::: Information provided :::

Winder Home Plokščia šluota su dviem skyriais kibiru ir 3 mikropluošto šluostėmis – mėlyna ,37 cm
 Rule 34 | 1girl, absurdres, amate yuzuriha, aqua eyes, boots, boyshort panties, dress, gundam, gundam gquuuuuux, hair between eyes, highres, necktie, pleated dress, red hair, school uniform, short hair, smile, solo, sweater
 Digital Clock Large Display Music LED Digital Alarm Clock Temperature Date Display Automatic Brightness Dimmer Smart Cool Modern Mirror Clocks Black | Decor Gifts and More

:::

> [Problem]: Transcribe the full listing exactly, omitting nothing.

> [Response to this task]:
Winder Home Plokščia šluota su dviem skyriais kibiru ir 3 mikropluošto šluostėmis – mėlyna ,37 cm
 Rule 34 | 1girl, absurdres, amate yuzuriha, aqua eyes, boots, boyshort panties, dress, gundam, gundam gquuuuuux, hair between eyes, highres, necktie, pleated dress, red hair, school uniform, short hair, smile, solo, sweater
 Digital Clock Large Display Music LED Digital Alarm Clock Temperature Date Display Automatic Brightness Dimmer Smart Cool Modern Mirror Clocks Black | Decor Gifts and More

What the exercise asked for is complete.